Calvin keluar dengan raut wajah yang cukup tegang. “Lihat Ra.”
"Kak, Runi ingin bertemu. Kangen katanya Kak, boleh tidak pulang kerja nanti aku menemuinya dulu? Jani juga rindu dengan sahabat Jani Kak."
Ara mengusap tengkuknya bingung harus menanggapi apa kecerobohan Calvin ini. “Mungkin ini penyebabnya Bos.” Sedikit saja Ra, banyak bicara hanya akan memperkeruh suasana.

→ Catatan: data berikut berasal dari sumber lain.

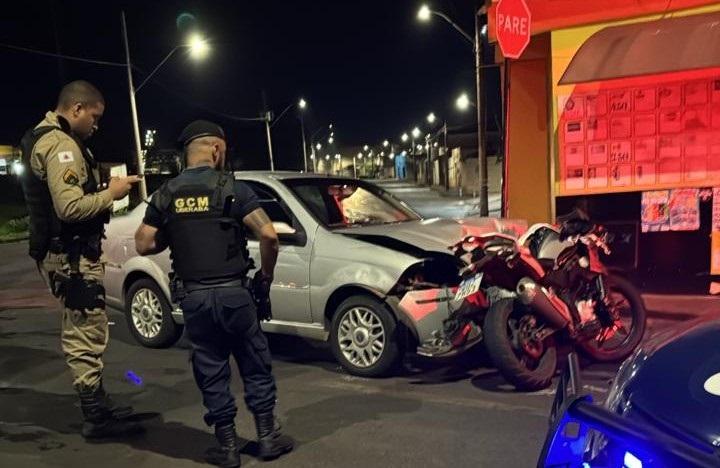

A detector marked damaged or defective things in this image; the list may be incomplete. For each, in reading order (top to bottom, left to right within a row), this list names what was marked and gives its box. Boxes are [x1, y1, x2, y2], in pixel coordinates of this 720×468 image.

“Bodoh sekali aku tidak baca pesannya. Tenggelam begitu jauh sampai aku tidak sadar Jani menunggu balasan dariku Ra.”
Ara hanya mendengarkan saja, tidak mau berkomentar terlampau jauh. Calvin sudah cukup menyalahkan dirinya karena ceroboh.
Akkkhhhh….
Jani memegangi kepalanya yang terasa berdenyut.

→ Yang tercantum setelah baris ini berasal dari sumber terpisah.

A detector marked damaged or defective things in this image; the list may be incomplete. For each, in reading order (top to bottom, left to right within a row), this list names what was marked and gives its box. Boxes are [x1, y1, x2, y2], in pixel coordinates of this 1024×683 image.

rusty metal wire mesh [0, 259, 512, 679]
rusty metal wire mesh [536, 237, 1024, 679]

“Kak Calvin kok gak ada.” Bicara sendiri karena tidak mendapati Calvin di sisinya. Jani menghela nafasnya mengingat tangis pilunya semalam.
“Sudah bangun?” Calvin menyapanya dengan lembut.
Jani mengangguk, kali ini matanya sudah bisa menatap langsung pada dirinya.
Calvin mengusap dua mata Jani yang bengkak dengan lembut.
“Maaf menyakitimu lagi Jan.” Jani menggeleng. Bukan karena balasan pesan Kak Calvin alasanya bersedih begitu larut. “Aku sudah kirim nomor baru ku padamu. Kirim pesan ke nomor itu saja mulai sekarang Jan.”
“Jani….ehmmmm….” Calvin menggeleng.
Dia meminta Jani untuk tidak menjelaskan lebih jauh lagi. Calvin tau Jani tidak akan bisa mengucapkan kekesalannya meski pasti begitu ingin.
“Aku yang salah Jan, seharusnya kau memakiku dan marah padaku Jan, jangan menahannya Jan, aku mohon.” Pinta Calvin yang masih memeluknya erat.
“Luapkan apapun yang ingin kau sampaikan padaku Jan, jangan menahannya.” Jani hanya mengangguk.
“Kau ini istriku, lupakan hubungan kita yang awalnya memang sebuah keterpaksaan. Kau ini Istriku sejak aku mengikrarkan janjiku menerima mu sebagai pendamping hidup ku Jan, sejak kau merima ku sebagai suami mu Jan.” Jani hanya bisa menitikkan air matanya.
“Sudah sayang, cukup air matamu.” Calvin dengan sadar mengecup pipi Jani menghapus jejas air mata yang sangat menyakitkan baginya.
“Terimakasih Kak.” Calvin tidak mengijinkan Jani beranjak dari kasurnya, masih ingin memeluknya erat menumpahkan semua cintanya yang sudah terlampau besar pada Jani.
“Kau tau Jan apa yang membuat ku sangat merasa gagal sekarang?” Jani mendongak, menatap bola mata Calvin yang sudah berkaca-kaca. “Aku tidak bisa menjaga mu tetap bahagia, membuat mu menangis dan merasa aku tidak berguna sama sekali dalam hidup mu.”
“Tidak Kak, Kak Calvin sudah sangat baik pada Jani. Kakak tidak boleh bicara begitu Kak.” Calvin mengeratkan pelukannya.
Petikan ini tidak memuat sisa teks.